La ecuanimidad de algunos salta hecha pedazos cuando de su persona y asuntos se trata. La vara de medir crece desmesuradamente o mengua hasta proporciones microscópicas según estén o no implicados en presuntos hechos delictivos. Nuestra clase política es así y parece que no tiene remedio. El caso de Ripoll no es distinto de los demás, aunque en este asunto concurre la circunstancia de que a quien demandaba diligencia en prueba clara y concisa de inocencia o dimisión, aunque fuera poniéndose de perfil, sin apoyo claro y con ausencias medidas, era de su propia grey aunque de distinto pesebre.

Las conductas parecen contagiarse de unos a otros, en este país no dimite nadie, se aferran a sus poltronas como lapas a roca, se empeñan en anclarse en sus posiciones de privilegio que les proporcionan buena vida y nuevos amigos, no es que busquen el hedonismo como filosofía de vida, sino que se regodean con el placer de la ostentosidad de su manera de vivir que en ningún caso podrían alcanzar en la esfera privada. Les gusta ser vistos, se regodean cuando se les observa en su vida privilegiada que pagamos entre todos, gastan alegremente el erario público puesto a su disposición, y como si no tuvieran bastante la codicia les lleva a cometer delitos en torno al vil metal.

Cuando el ministro británico de finanzas dimitió nada más ser público un desajuste de unos 40.000 ? en el alquiler de un piso que compartía con su pareja, le falto tiempo para en una rueda de prensa anunciar su irreversible dimisión. Sana envidia del comportamiento de un político que respeta a la ciudadanía y se aparta de la función pública cuando los hechos le señalan como culpable. La dimisión del presidente de la Diputación alicantina es exigible y debería de ser inmediata, no solamente por la actitud que personalmente adoptó en el caso de Camps -en esta vida hay que ser consecuente con lo que se dice y con lo que se hace-, sino por la gravedad de los hechos que se le imputan. Nada menos que presuntamente cinco delitos, revelación de información privilegiada, actuación prohibida a autoridades, tráfico de influencias, fraude y cohecho.

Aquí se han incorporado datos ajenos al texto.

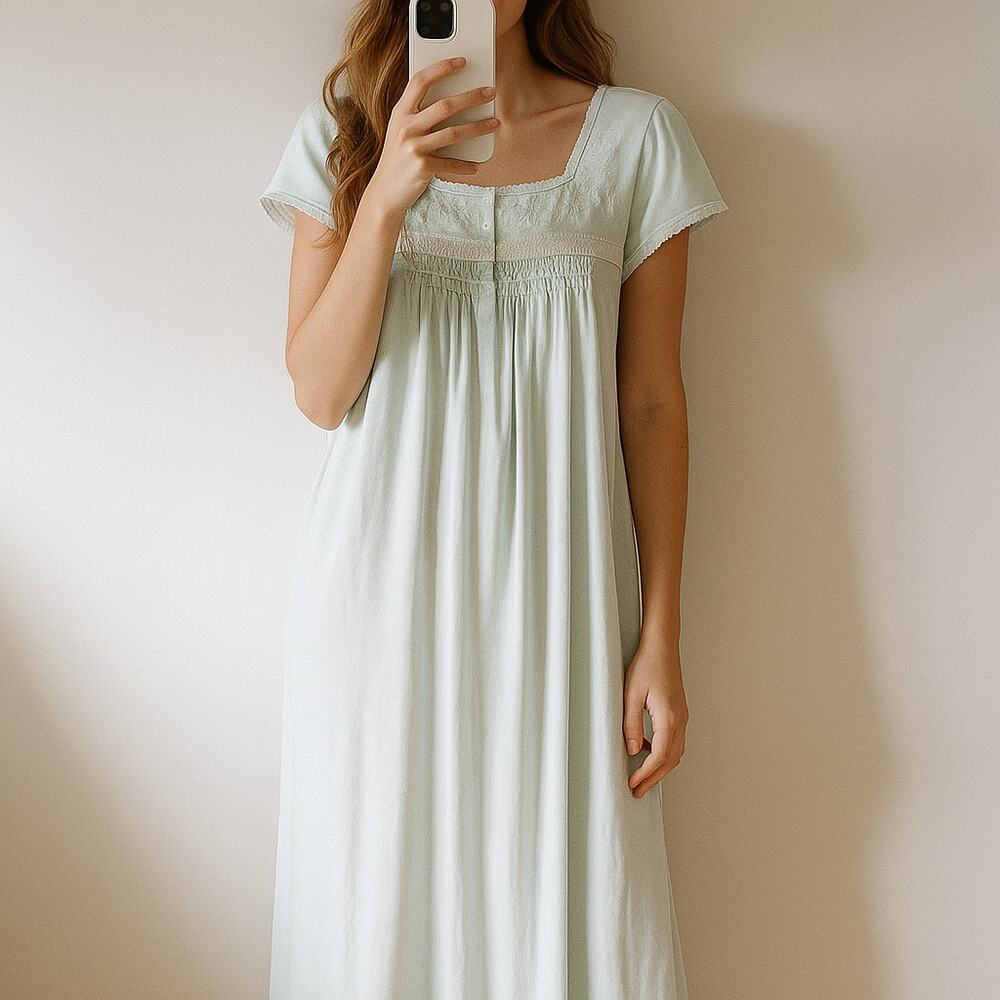 Miss Elaine Blue Nightgown Floral Lace Trim Cozy Sleepwear Classic Medium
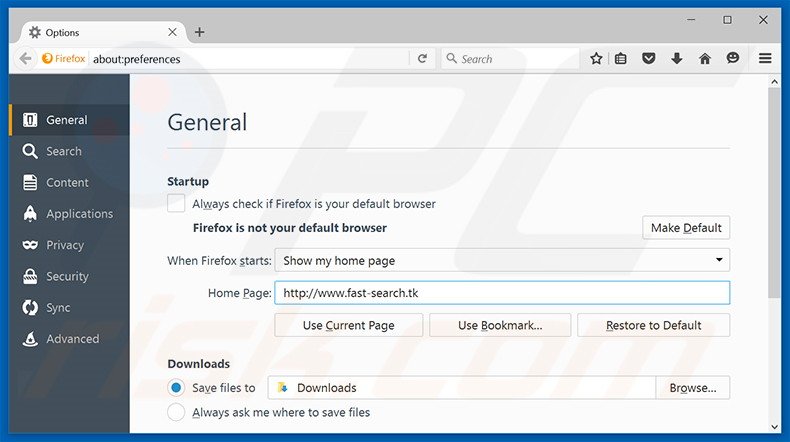 Removing fast-search.tk from Mozilla Firefox homepage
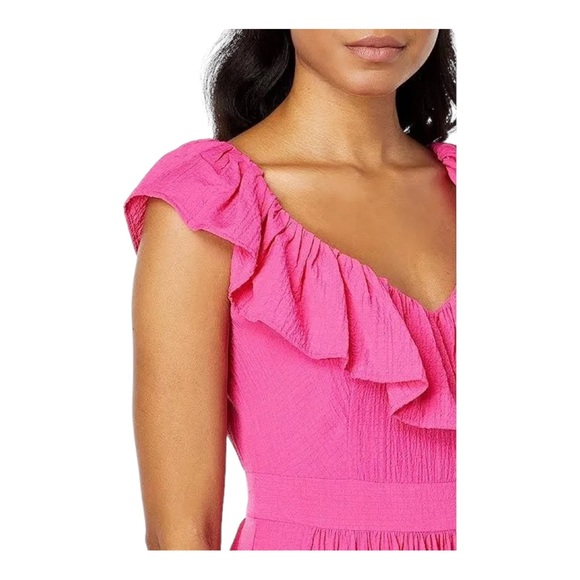 Calvin Klein Sleeveless Ruffled V-Neck Tiered A-Line Dress Size 2 - Picture 3 of 9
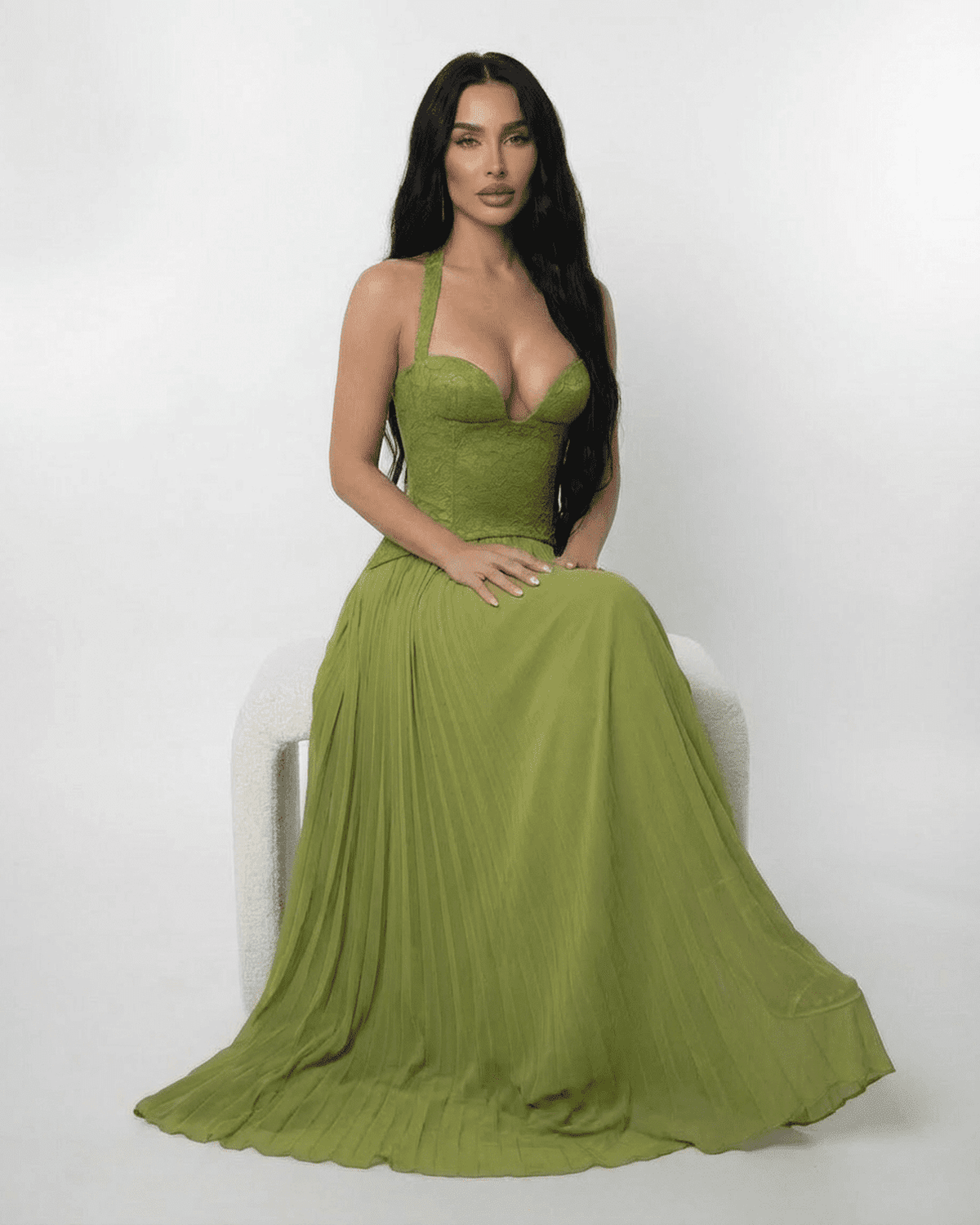 Womens Elegant Lace Maxi Dress | Timeless Halter Neck Formal Gown 5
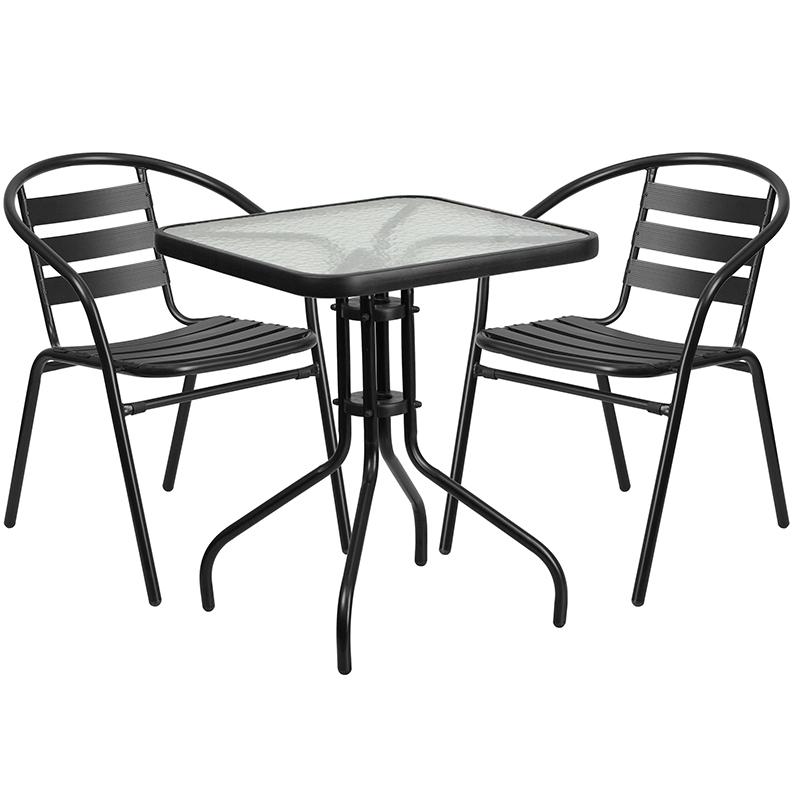 23.5'' Square Glass Metal Table with 2 Black Metal Aluminum Slat Stack Chairs. Picture 1
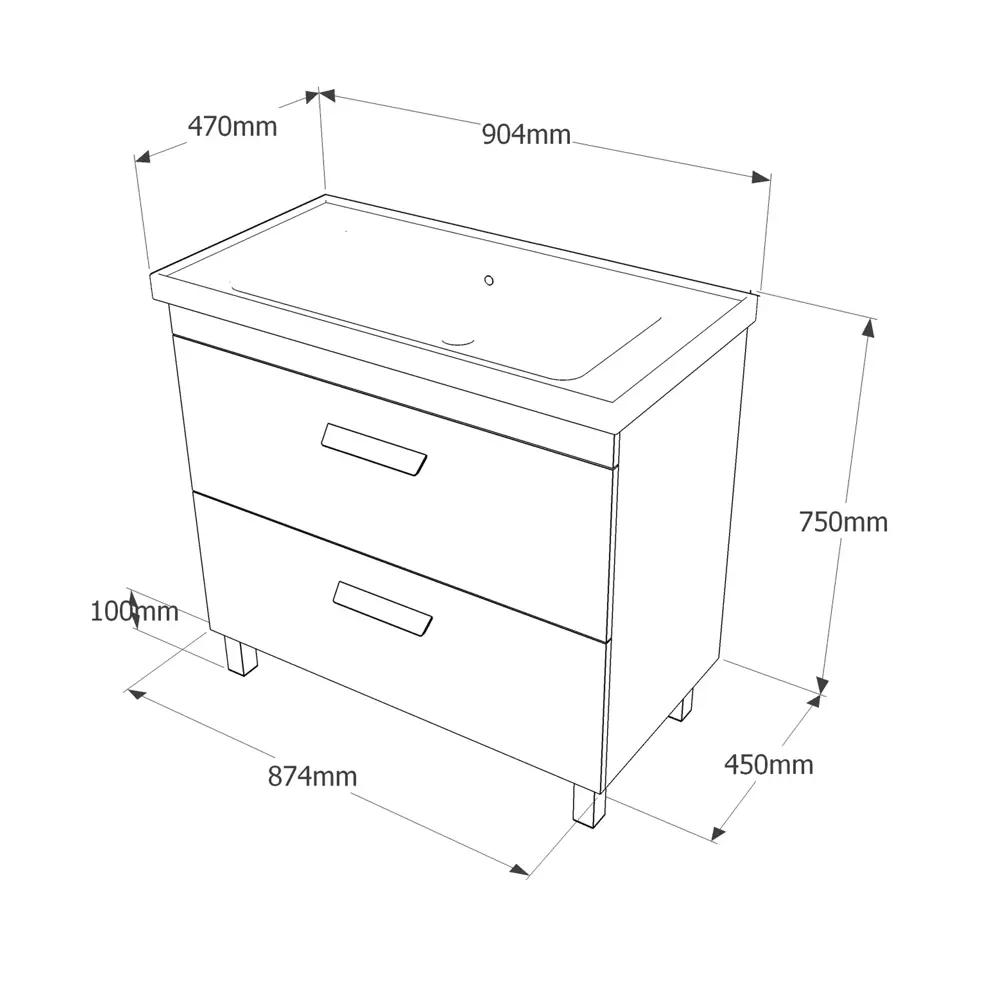 Тумба под раковину напольная Hilton 90 см цвет белый VIGO STLM-2090007 - Вид №5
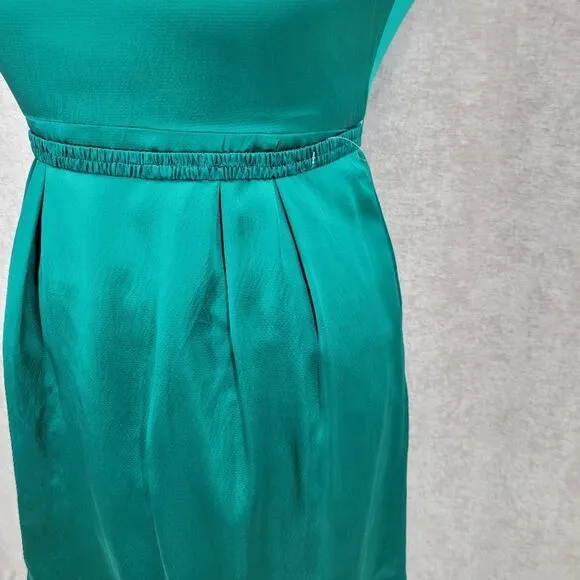 Antonio Melani Emerald Green Silk Dress Cocktail Evening Women's Size 14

Se les llena la boca al gritar a los cuatro vientos su condición de servidores públicos, su vocación de servicio, pero se les vacía cuando son tratados como tales, públicamente, con difusión mediática de sus negocios derivados de su cargo público. No pueden tratar de quedarse únicamente con las prerrogativas, también deben cargar con los inconvenientes de su estrellato. Nadie en su sano juicio pondría los focos de los medios de comunicación a la detención o al registro de un ciudadano anónimo, con una crónica breve o un suelto bastaría para cubrir la cobertura de la noticia. Que no se quejen tanto, que no son ciudadanos normales, su condición con derechos y obligaciones cambia desde el momento que se convierten voluntariamente en representantes de la ciudadanía.

La honradez se suele detener en la puerta y llama, el soborno entra directamente. Lo que las leyes no prohíben, puede prohibirlo la honestidad. Cuando se ostenta cargo público de relevancia, cuando por tus manos pasan presupuestos anuales de más de 200 millones de euros, no sólo hay que dar pruebas constantes de probidad, sino que hay que parecerlo. La ostentación de riqueza y comportamientos disipadores, no hacen más que marcar a fuego el camino fácil de malgastar el dinero de los demás, ya sea cometiendo irregularidades o pisando la raya del delito.

La irrevocable dimisión de Ripoll, como las de otros compañeros de su partido en la Comunidad Valenciana imputados como él en delitos de parecida o igual gravedad, debiera ser inmediata, la triquiñuela de esperar a ver lo que acontece en el sumario, no casa con la condición de servidor público con la que suelen envolverse la mayoría de los políticos. Los alicantinos en general y los militantes populares en particular le quedarían agradecidos por tan valiente decisión.